A Chronicle editorial the other day mocked the idea of draining Yosemite’s Hetch Hetchy Reservoir—something that a November ballot measure asks San Franciscans to consider—as “insane.” And as independent journalist and former Bay Citizen staffer John Upton blogs, while the newspaper was expressing that sentiment, parent Hearst Corporation was already helping to bankroll the anti-initiative campaign.
One of Hearst’s land-holding subsidiaries on June 29 tossed $2,500 to the primary group opposing the initiative, Citizens for Reliable Water and a Healthy Environment, its disclosure statement shows. In case you wondered, there was no mention of it in the Chronicle’s July 9 editorial.

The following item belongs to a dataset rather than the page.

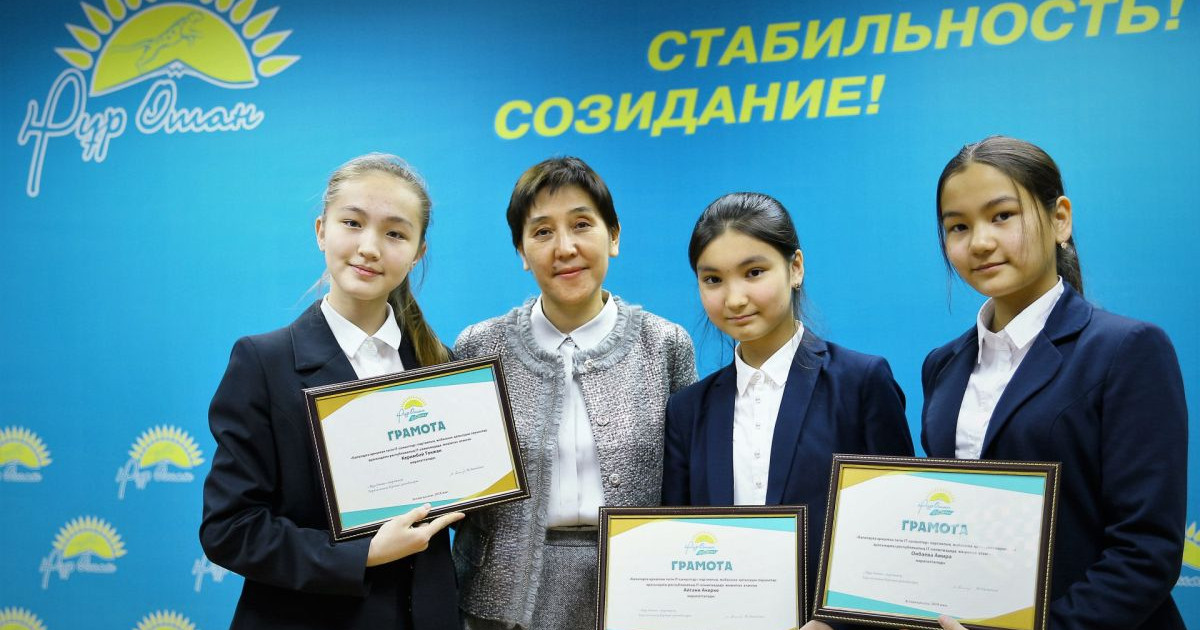 Жеңімпаздар марапатталған кеш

That’s not a lot of money in the scheme of things, particularly given that ballot measure opponents have already raised more than $150,000 for their fight (supporters have raised more than $100,000, filings show, although I’m told that figure was recently doubled with a single donation), and it’s certainly unlikely to sway the election result. But the donation, combined with the dueling editorials, helps to illustrate how dramatically things can change as you get farther from a reservoir.
The “dueling editorials” he mentions is a reference to the different attitudes toward O’Shaughnessy Dam (the construction of which many environmentalists consider among the single greatest environmental travesties of the 20th century) between the Chronicle, in the city responsible for Hetch Hetchy Valley’s destruction, and the Sacramento Bee, which has long championed draining the reservoir.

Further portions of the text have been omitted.